New Delhi: Usually, when two rival nations try to work towards peace, their governments talk to each other.
And at least in an official capacity, that is still happening between nuclear-armed rivals India and Pakistan, even as the peace between them lies tattered. But the problem, the Indian side contends, is that by talking to the new civilian government of Pakistan, it is no longer negotiating with those who have the power to decide between war and peace.
High stakes: Prime Minister Manmohan Singh speaks as his Pakistani counterpart Yousuf Raza Gilani looks on during the Saarc summit in Colombo on 2 August. Photograph: Gurinder Osan / AP
“The real power,” said one Indian official, “is so far away from the structures the world deals with.”
For India, argued the official, that distance has become all the more vast in recent months, since it is negotiating with an elected Pakistani government that has little influence over the country’s more powerful army and spy agency.
India has openly blamed the spy agency and indirectly blamed the army for spoiling the peace that it was negotiating with Pakistan’s former army chief President Pervez Musharraf before his party was drubbed in parliamentary elections in February.
“You’re talking at two or three removes from the real power,” added the Indian official. “They have to talk to the people who do control this.”
The official and other Indian and US officials spoke on the condition of anonymity as they were not authorized to speak publicly on the matter.
India’s predicament hints at a gnawing problem inside Pakistan, which has been under military rule for half of its nearly 62-year existence. Even when civilians govern, they are forced to tread lightly around the country’s army and intelligence agency.
The stakes could hardly be higher now, as India-Pakistan relations fall to a perilous new low. The Indian Army has reported a spike in ceasefire violations on the disputed frontier in Kashmir, prompting direct skirmishes between the two militaries.
There have been a series of terrorist attacks in the last several months, which, India says, have been conducted by militant groups aided or trained by Pakistanis.
In early July came what the Indians saw as the crossing of a dangerous threshold: A suicide bomber attacked India’s embassy in Kabul, killing dozens of people, including two of its diplomats.

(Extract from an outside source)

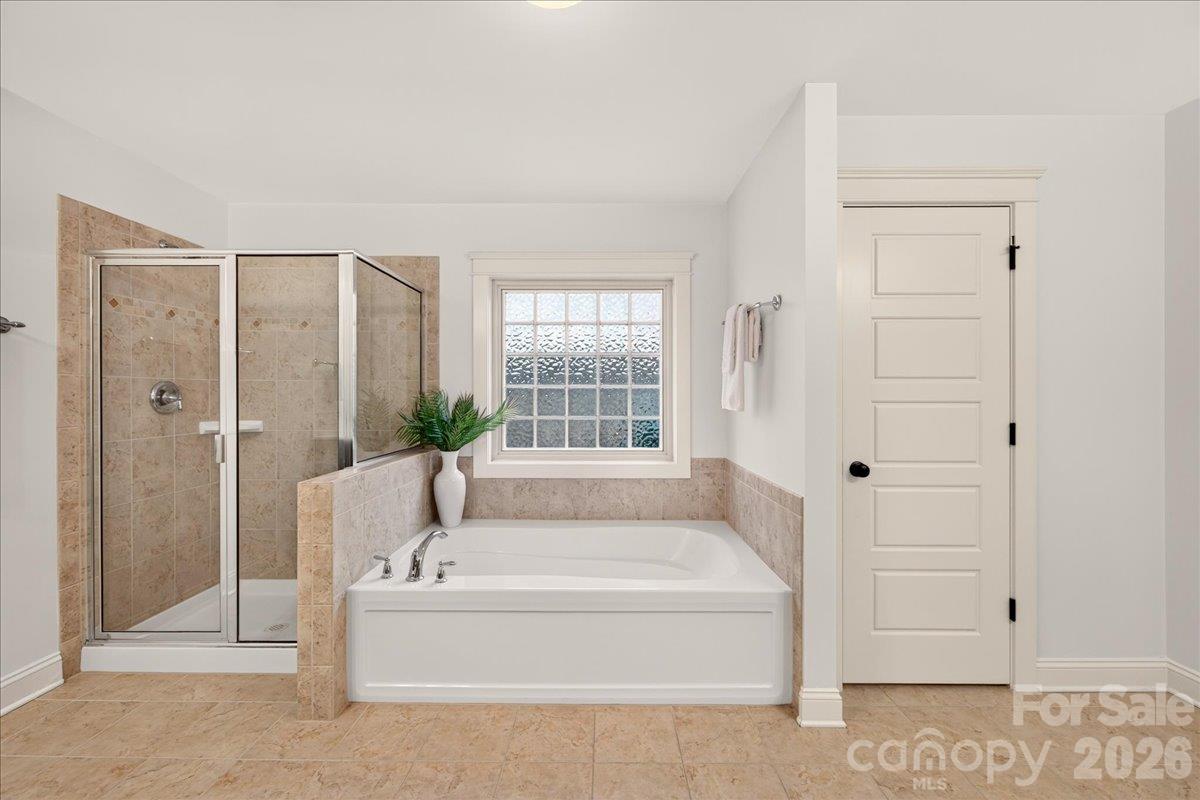 Single Family Residence at 5535 Open Book Lane, Charlotte, photo 25 of 38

Indian and US officials said they had received advance intelligence that the embassy was under threat. Officials in India and the US, along with Afghanistan, blamed Pakistan’s Inter-Services Intelligence agency, or ISI, for helping plan the strike. Pakistan has denied the charge and has pressed India to furnish proof.
The attack signalled how India-Pakistan relations had become additionally complicated by India’s expanding presence in Afghanistan. India has committed more than $1.1 billion(Rs4,664 crore) for the reconstruction of that country. Its biggest project is the construction of a strategic road to link landlocked Afghanistan to a port in Iran. India is also training teachers and civil servants, giving scholarships for Afghan students in India and erecting a new Afghan parliament building.

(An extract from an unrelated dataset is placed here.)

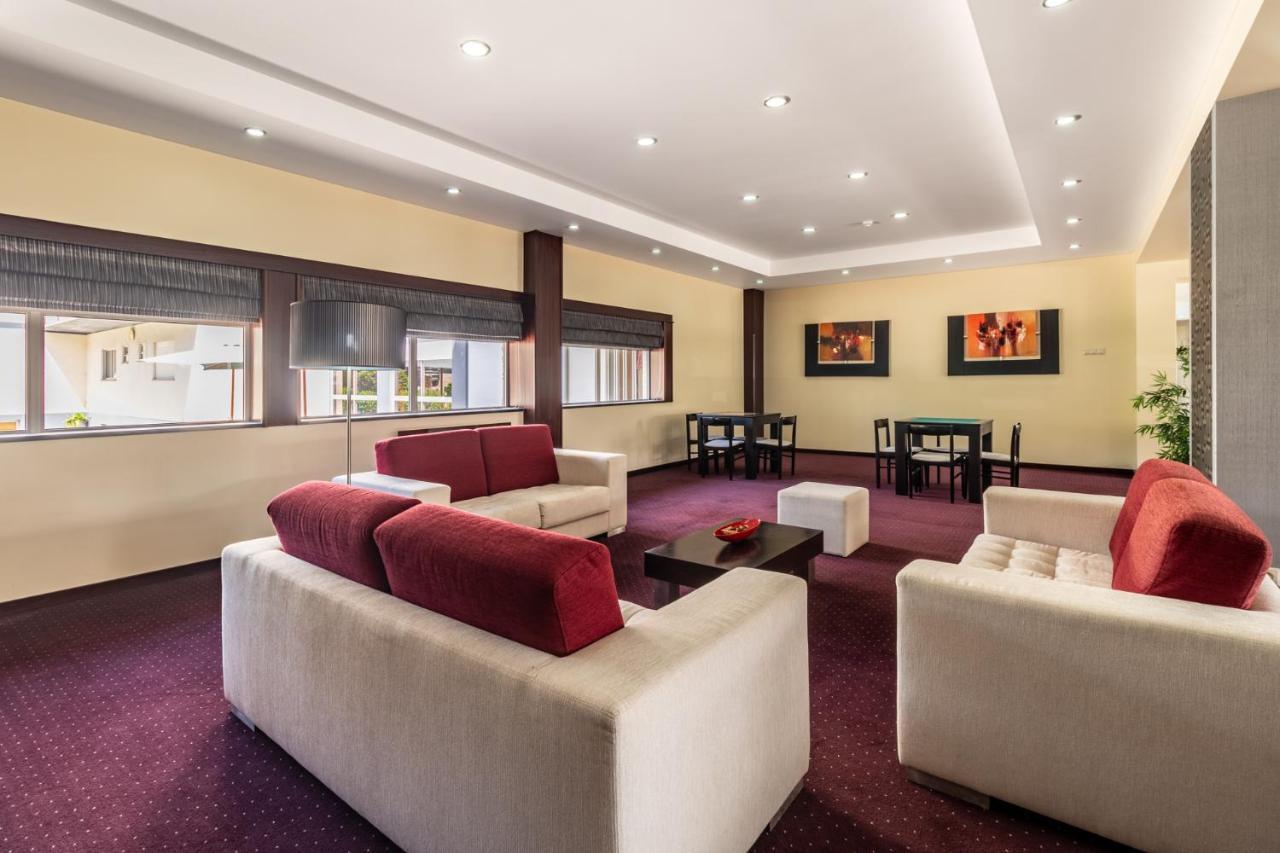 Hotel Colmeia Monte Real Esterno foto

That engagement has taken its toll on the roughly 4,000 Indian workers inside Afghanistan over the past couple of years. An Indian driver was found decapitated, an engineer was abducted and murdered, and seven members of the paramilitary force guarding Indian reconstruction crews were killed. Last year, the Indian road crew faced 30 rocket attacks.
President Hamid Karzai of Afghanistan, on a recent visit here to the Indian capital, openly blamed Pakistan for instigating terrorist attacks inside his country, including the suicide bombing of the Indian embassy. “There are elements within the establishment in Pakistan who do not see things the way we see them,” he said on a nationally broadcast interview last week. “India knows what is going on. Afghanistan knows what is going on. Our allies know what is going on.”
In Washington, US intelligence officials hinted at a new shared worry for India and Afghanistan. Militant groups that had been operating inside Kashmir have been carrying out attacks inside Afghanistan lately. They include, according to US officials, Lashkar-e-Taiba, a group dominated by ethnic Punjabis from Pakistan that New Delhi blames for several terrorist attacks inside India.
“The foreign fighter problem in Afghanistan and Pakistan is growing, and we consider non-Pashtun Pakistanis, such as elements of formerly Kashmiri groups, a part of that growing problem,” said a US defence department official.
US officials cautioned that while ISI was likely to be working with some of these extremists, many of the militants were operating independently and benefited from ties to groups in the Federally Administered Tribal Areas on Pakistan’s lawless western frontier.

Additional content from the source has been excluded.